Wexford house where children abused by priest now a creche

Fr Seán Fortune leaving the Circuit Court in Wexford in 1999. He faced 29 charges of sex abuse against young boys, perpetrated in the parochial house in Poulfour, Co Wexford. Photograph: Eric LukeA man who was abused as a child in Ferns diocese by the late Fr Seán Fortune has expressed his shock at discovering that the parochial house in Poulfour where children were abused by the priest is in use as a creche.

The man, who does not wish to be named, said he had visited the house on July 23rd last with photographer Kim Haughton, who is working on a project involving such places of abuse, and it was only then he discovered there was a creche on the premises.
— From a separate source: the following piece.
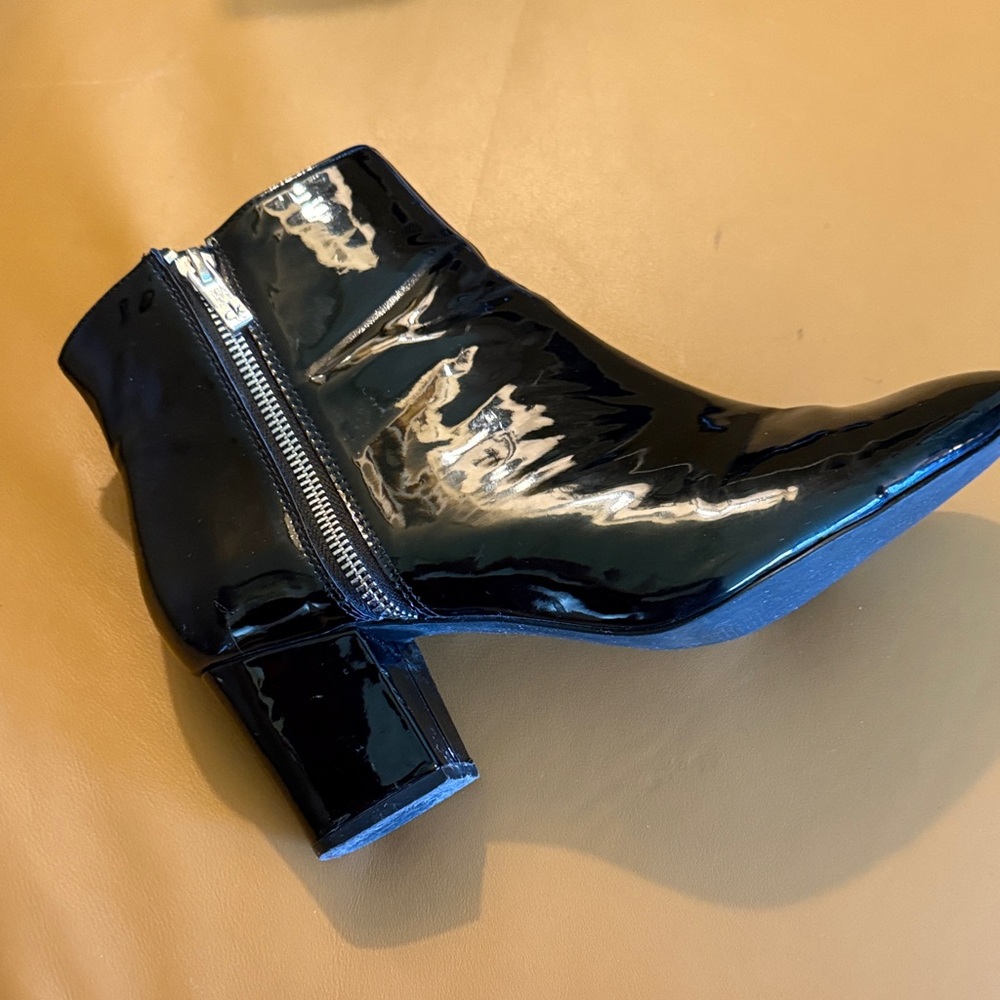 Calvin Klein Shiny Black Ankle Booties - Picture 5 of 9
It was, he said “a house of horrors”. At the scene that day, he “lost it. I really did. The priest who took over from Fortune in that parish refused to live there and they built a new one for him.” 

He added: “Fortune is still there, if you know what I mean. He’s still hanging over the place like that house in the Psycho film, the house on the hill. You can see, you can smell him there. They should’ve knocked it. It’s so wrong. It’s not right.”

Fr Fortune took his own life in March 1999.

Colm O’Gorman, who was abused himself by Fr Fortune in the house in Poulfour and who took part in a documentary during which he revisited it, said he could understand how people could see it as a house of horrors. For his own part, however, he was “quite delighted” to see it being put to other uses.

When he was there for the documentary he saw that the bedroom in which he had been abused was then a meeting place for women who were making a tapestry. “I loved the idea. I don’t think we can allow buildings to become monuments to a dark history,” he said.

He understood such buildings “can be a reminder” of what took place in them but he felt there were “other ways of dealing with that. Knocking a building down is not going to change the past.”

Ferns diocesan communications officer Fr John Carroll said the house in Poulfour was “a multipurpose facility” that was used for many purposes. 

Though owned by the diocese, it was made available by the parish.

However, its uses were “open to discussion, if someone wants to discuss it”. 

He asked, however, “if it is knocked, where do the children go?”